→ **Brief**:
Each entry below should be printed exactly, with every image left out.
:: Data listing ::
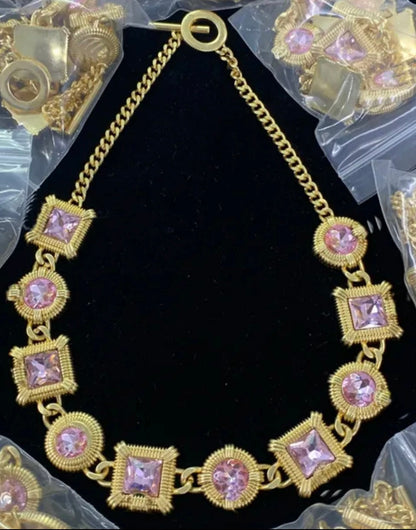 Luksusowo zaprojektowany choker w różowe diamenty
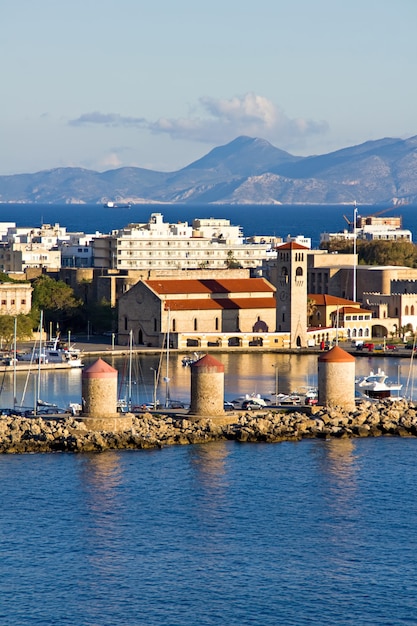 Alte Windmühlen im Hafen von Mandraki, Rhodos, Griechenland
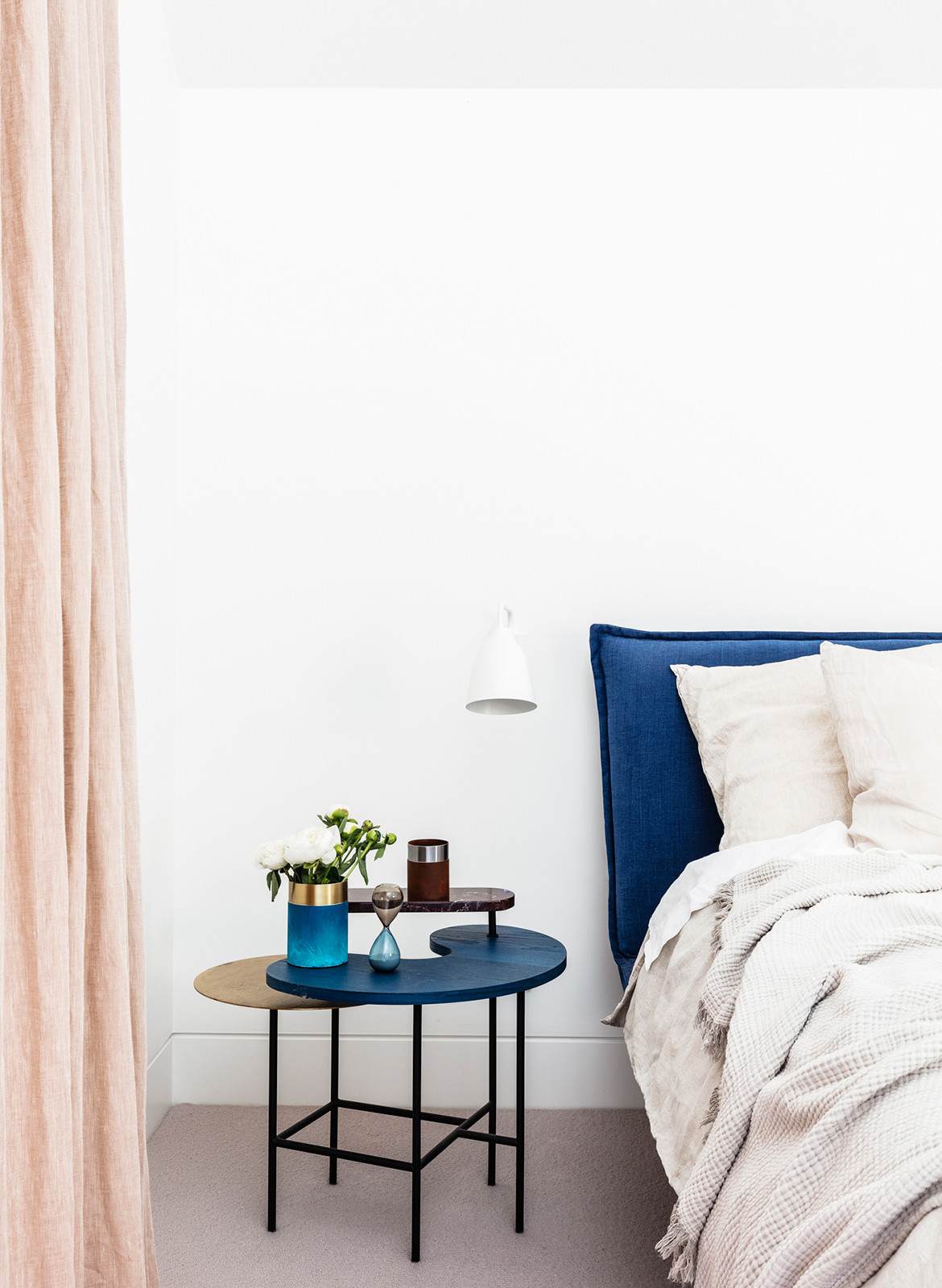 Bronte House Nick Bell Architects CC Tom Ferguson bedside table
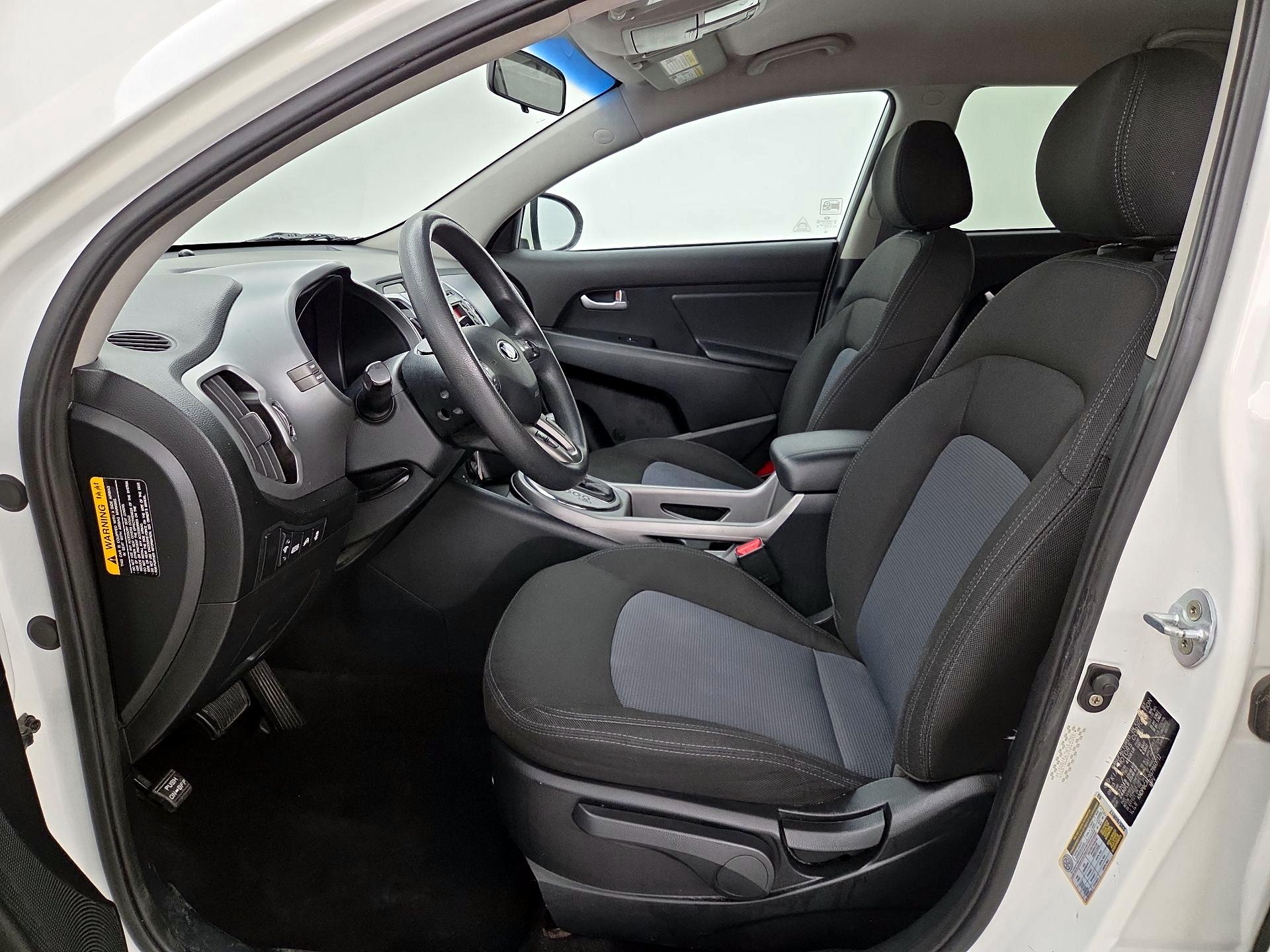 Thumbnail: 2016 Kia Sportage - 11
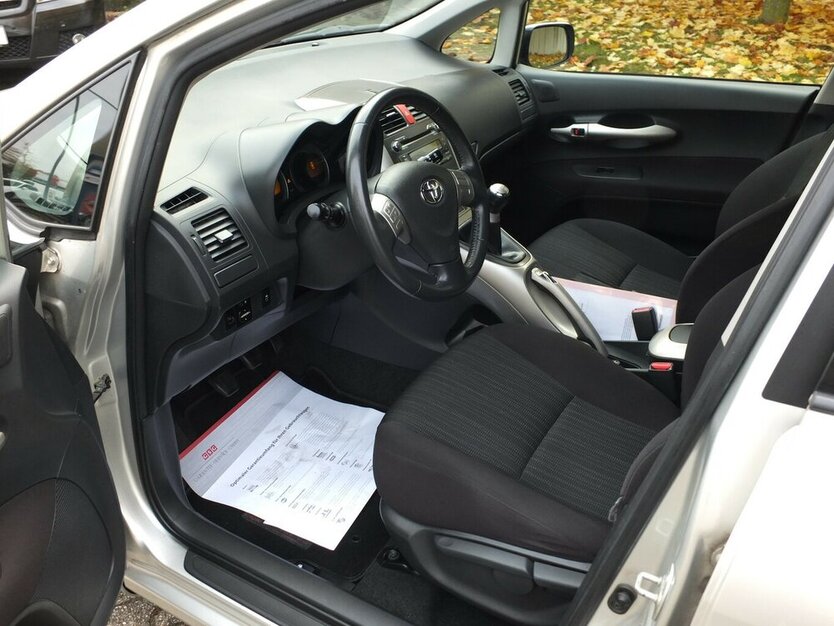 Toyota Auris 1.6i SOL ALLE INSPEKTIONEN GARAGENWAGEN 174.885 km 5.704 € Köln 50858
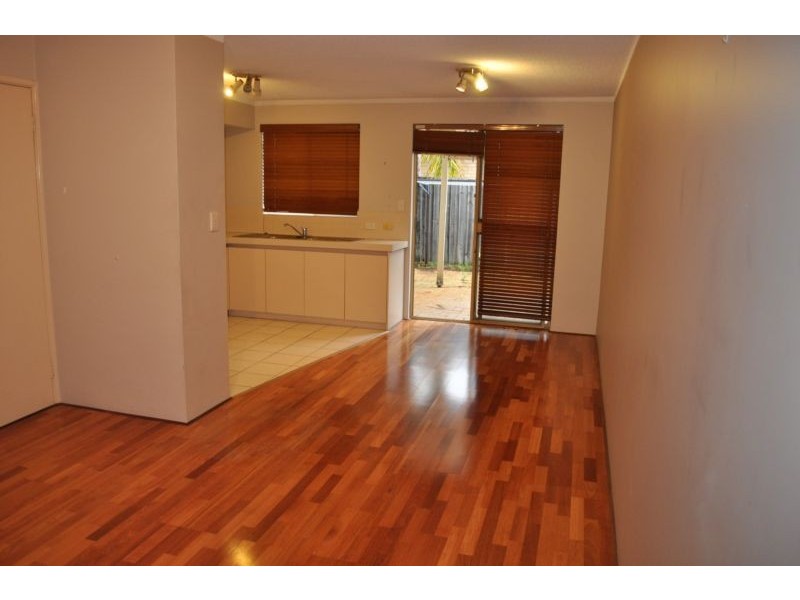 17/17 Cayley Street, Glendalough WA 6016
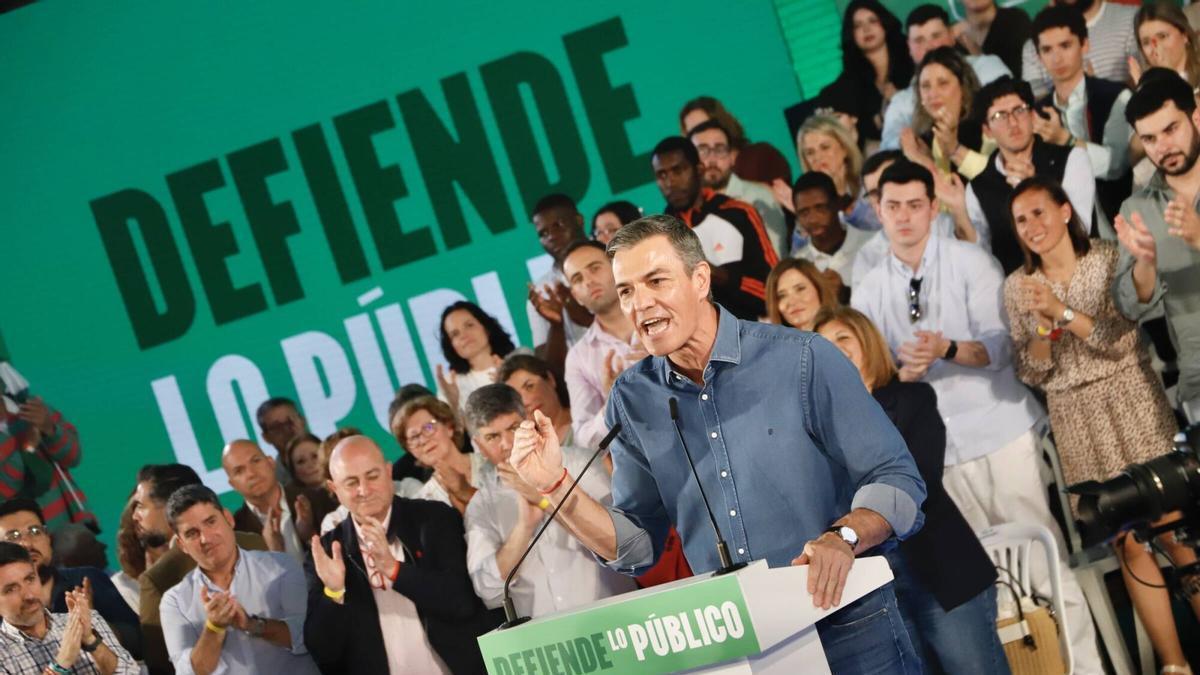 Sánchez y Montero arropan en un mitin al PSOE de Córdoba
:::
→ **Problem solution**:
 Luksusowo zaprojektowany choker w różowe diamenty
 Alte Windmühlen im Hafen von Mandraki, Rhodos, Griechenland
 Bronte House Nick Bell Architects CC Tom Ferguson bedside table
 Thumbnail: 2016 Kia Sportage - 11
 Toyota Auris 1.6i SOL ALLE INSPEKTIONEN GARAGENWAGEN 174.885 km 5.704 € Köln 50858
 17/17 Cayley Street, Glendalough WA 6016
 Sánchez y Montero arropan en un mitin al PSOE de Córdoba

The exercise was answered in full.